Municipality: Gert Sibande District Municipality


Council Building
Louwrens Muller Street PO Box 550
2302 Secunda , Mpumalanga
South Africa
Phone: 017-620-3000
Fax: 017-631-1607
Mpumalanga ZA


Gert Sibande District Municipality (SBDM) is one of the three district municipalities in Mpumalanga. It is bounded by Gauteng Province to the west, Nkangala DM to the north, Swaziland and Ehlanzeni DM to the east, and Free State and KwaZulu-Natal to the south. 

There are over 120 towns and villages in the district, which comprises of seven local municipalities:

  • Albert Luthuli LM
  • Dipaleseng LM
  • Govan Mbeki LM
  • Lekwa LM
  • Mkhondo LM
  • Msukaligwa LM
  • Pixley ka Seme LM

According to the 2007 estimates Gert Sibande is home to 981 561 people and accounts for 26.7% of the Mpumalanga population. The Gert Sibande District is a sparsely populated area of about 31 people per square km in comparison with Johannesburg, the rest of Mpumalanga, Gauteng and South Africa. The district has shown a slightly larger population growth than provincial and national averages – 1.7% per annum on average from 1996 to about 2007 compared to 1.6% in the province and 1.3% nationally. 

More than half of the district’s population namely 52,76% and almost two thirds of the households (62,04%) live in urbanized areas. More than half of the population are under 18 years of age. With nearly a third of the households namely 29,67% residing on farmland, a lot of pressure has been put on local municipalities in the region to collaborate with farm owners in providing land, a challenge that has been faced to a greater or lesser extent in most parts of South Africa. 

In 2008, blacks accounted for the majority (90.7%) of the Gert Sibande population while Whites, Coloureds and Asians comprised 8.2%; 0.5% and 0.7% of the population respectively. This variable is consistent with both the provincial and national population characteristics. 

Critical infrastructure

Transport linkages are excellent along both the Gauteng-Maputo and Gauteng-KwaZulu-Natal corridors.


Energy production (fuel and electricity) is the most significant economic activity. Food and timber production, as well as the tourism and recreation industries, are also important. There are a large number of resorts, guesthouses, health spas and hiking trails which are at present underutilised. 

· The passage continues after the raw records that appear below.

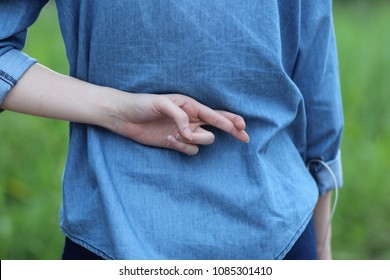 a woman stand back and do cross finger at her back of blue jean shirt on the green garden background
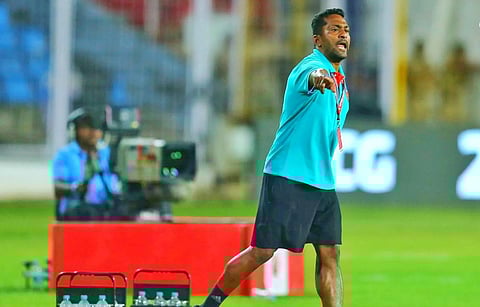 Interim coach Clifford Miranda 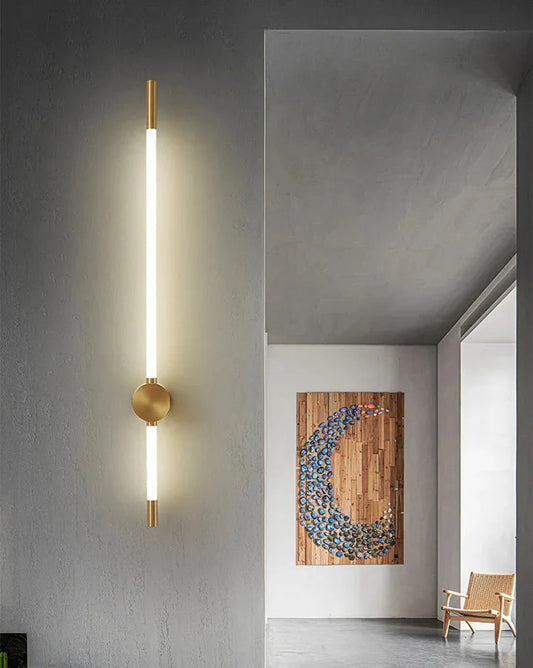 Modern wall sconce on a gray wall with a decorative piece and chair in the background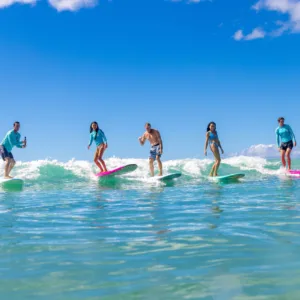 Family enjoying surfing lesson together on sandy beach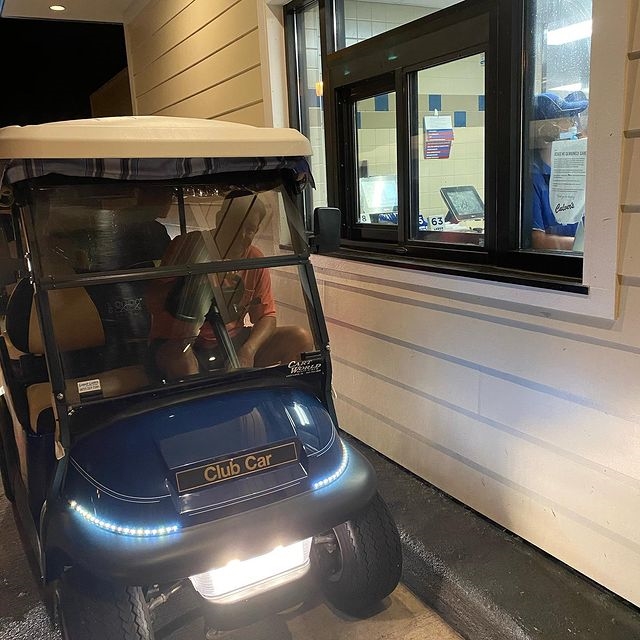 Man in a golf cart in a Culver's drive-thru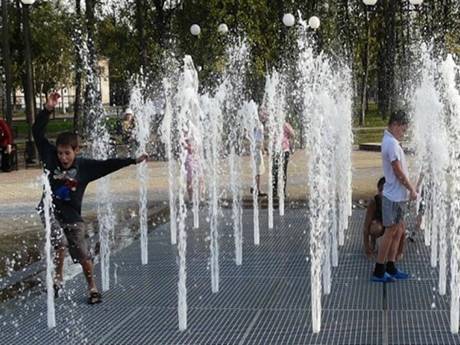 Several children are bouncing on the steel grating fountain drainage.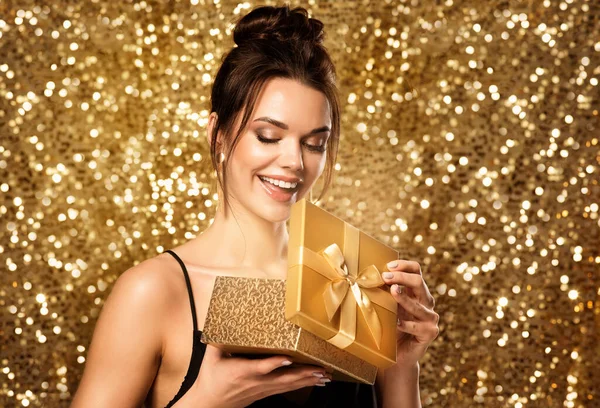 ギフトボックスを開く女性 ゴールド グリッターを背景にゴールデン プレゼントを持つハッピー ガール 美容モデルはクリスマス休暇に驚きを取得します 自然なメイクで笑顔の女性の顔 — ストック写真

An abundance of raw materials, suitable and available land for various developments, and a willing labour force create numerous opportunities for investment and growth.

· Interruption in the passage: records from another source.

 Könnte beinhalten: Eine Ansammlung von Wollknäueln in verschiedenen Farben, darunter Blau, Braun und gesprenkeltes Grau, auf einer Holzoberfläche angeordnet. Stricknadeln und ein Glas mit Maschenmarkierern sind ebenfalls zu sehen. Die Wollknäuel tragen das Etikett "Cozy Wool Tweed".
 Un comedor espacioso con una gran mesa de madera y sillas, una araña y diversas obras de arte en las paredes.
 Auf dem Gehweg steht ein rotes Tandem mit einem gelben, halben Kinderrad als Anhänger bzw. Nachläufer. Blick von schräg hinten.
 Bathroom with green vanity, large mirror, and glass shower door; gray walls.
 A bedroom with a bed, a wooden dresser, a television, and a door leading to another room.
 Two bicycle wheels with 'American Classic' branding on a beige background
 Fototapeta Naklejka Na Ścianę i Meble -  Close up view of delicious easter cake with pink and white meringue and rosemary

The Govan Mbeki municipal area, with the main centres of Secunda, Embalenhle-Trichardt, Kinross and Bethal, is the economic and industrial hub of the region, with petrochemical and related industries at Secunda and the nearby occurence of coal, iron ore, gold and granite.

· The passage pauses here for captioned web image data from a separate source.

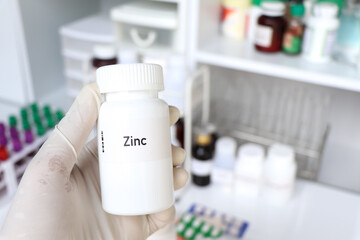 Canvas Print - Zinc pill in white bottle, pill stock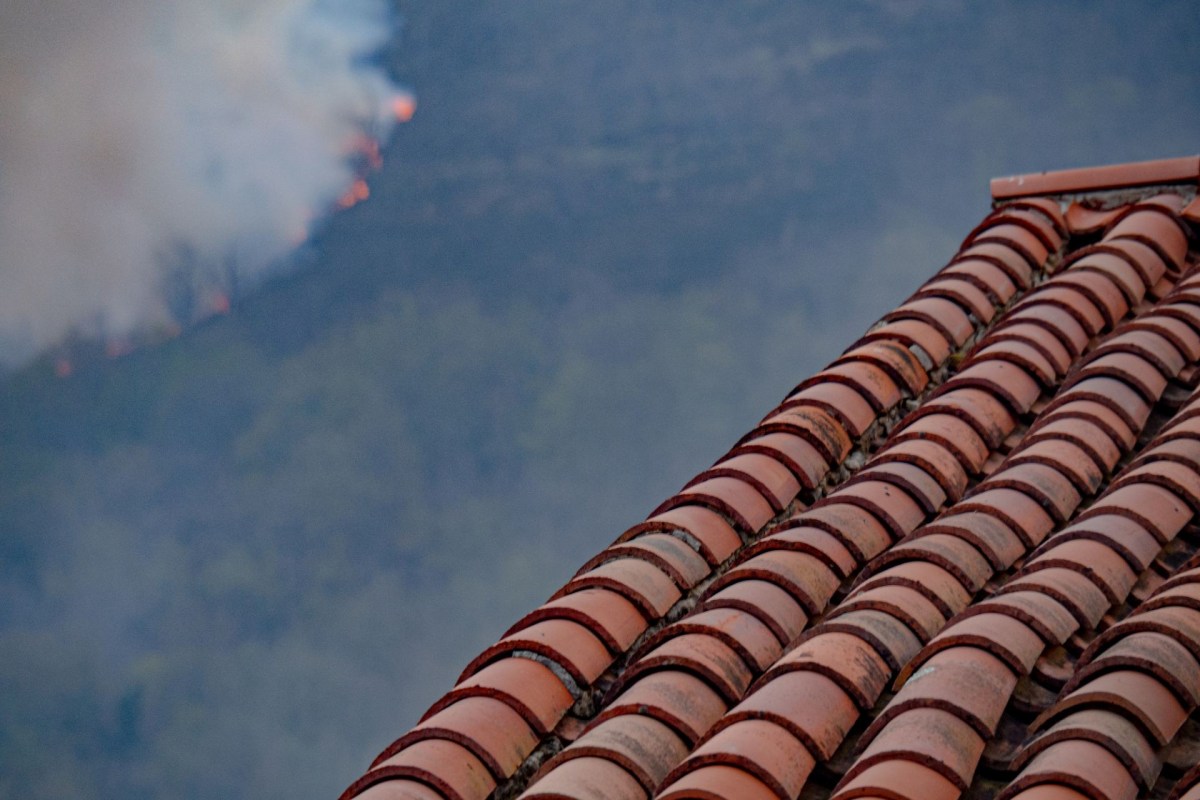 The side of a terracotta roof with a wildfire in the mountain off in the distance
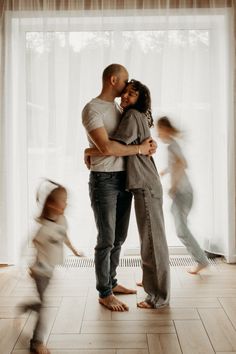 a man and woman are hugging in front of a window with children running around them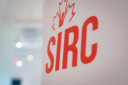 SIRC logo displayed on wall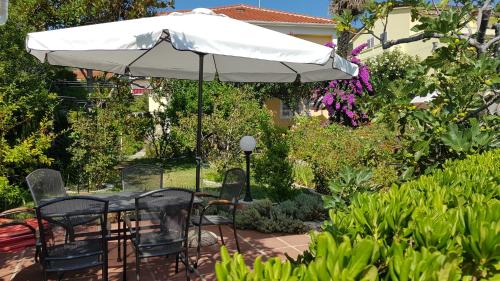 拉布Apartments Antica的花园的遮阳伞下的桌椅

Msukaligwa Municipality is a water-rich area in the midst of the Vaal River system, and Ermelo as the main town, is an important food and timber producing centre which warrants the development of agricultural and related activities.

Mkhondo Municipality's preimary economic activities, centred on the town of Piet Retief, are timber, coal, food and wool production.

Volksrust is the main town of Pixley ka Seme Local Municipality. The chief activities are maize, sorghum and fruit production, as well as cattle and sheep farming. Tourism is a growing sector. Game viewing and bird watching are popular. 

General and mixed farming are carried out in the fertile Dipaleseng municipal area.

Lekwa's urban areas are Standerton and Morgenson. Food production, textiles and related mills, coal production and electricity generation are the major economic activities.

Carolina is the administrative centre of Albert LM. Its economy relies on timber and coal production and tourism. Various conservation projects, historic buildings, cultural diversity, and small enterprises such as weaving and painting are aimed at the tourist market.


Gert Sibande DM faces the challenge of a fragmented development pattern which is the result of past planning and the uneven distribution of mineral resources. The seven local municipalities also face the challenge of achieving an integrated development plan in a district of this size and complexity.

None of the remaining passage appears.